Por Emanuelle Najjar em 14/4/2009

Li neste Observatório um artigo que me deixou no mínimo intrigada. Escrito por Adriano Degra, estudante de Jornalismo, o texto "A lavagem cerebral nos jovens" falava em alienação de telespectadores do programa, em imposições da sociedade e outros fatores que justificam tal argumento.

Como alguém que assistiu o programa desde muito cedo, desde sua primeira versão, quando era ainda um experimento, e que vez ou outra ainda dá uma olhada na TV para ver o que se aproveita, achei por bem escrever algo sobre o assunto.

Malhação foi uma tentativa de experimentação de um novo formato de dramaturgia, semelhante às soap operas americanas, em que não há uma data de término. Em função disso, elenco e cenários são constantemente renovados, seguindo números de audiência e anseios de público-alvo, também servindo como porta de entrada para novos atores.

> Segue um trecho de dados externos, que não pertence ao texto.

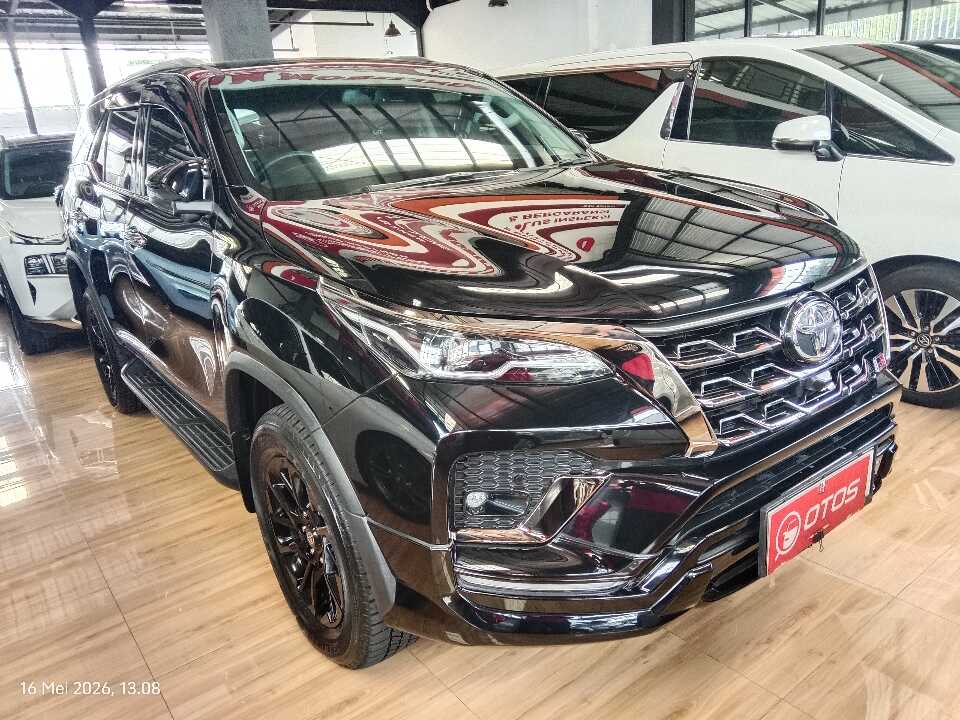2024 Toyota Fortuner 2.8 4X2 VRZ - Foto 1 dari 6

O programa, que já reinou absoluto durante as tardes, agora passa por uma crise nos números, impulsionada pela concorrência de outras emissoras e mesmo devido à repetitividade dos enredos escolhidos, também sofrendo pela crise das mídias. E, como a TV em geral, sofre acusações relacionadas à alienação de seu público etc.

Gravidez precoce e o "ficar"

Não vou negar o fato de o programa apresentar problemas em suas histórias, mas não seria certo falar que ele só retrata as classes sociais mais abastadas. Muito já foi falado em termos de valores e crises financeiras e famílias mais pobres, até em núcleos principais.

Também não é simplesmente uma novelinha com assuntos e tramas fúteis. Durante anos foi o programa que mais teve inserção de merchandising social e dos mais diversos temas, desde alcoolismo, uso de drogas, doping, bullying, Aids, gravidez precoce e até invisibilidade social, servindo como veículo de conscientização.

Talvez seja irreal usar o argumento de que eles refletem imagens erradas sobre os adolescentes falando em gravidez precoce. O fenômeno existe muito antes do nascimento do programa, assim como o "ficar" dos adolescentes.

Argumentos vazios

Malhação não era pior que o fenômeno Rebeldes. O programa não é somente feito de maus exemplos e nem de coisas cuja concordância, existência e origem sejam duvidosas. No máximo pode ser considerado algo repetitivo, e que precisa de reformulações no que diz respeito aos núcleos principais.

Polêmicas de nível anti-Globo minimizam a discussão, fornecendo argumentos vazios. Discussões sérias ocorreriam caso as razões fugissem daquilo que parece ser algo pessoal contra a emissora. Para falar do assunto, é preciso sair do âmbito teimoso de anti-fã e procurar pontos individuais de questionamento, caso contrário todo texto e toda crítica será vazia.

Comentários (3)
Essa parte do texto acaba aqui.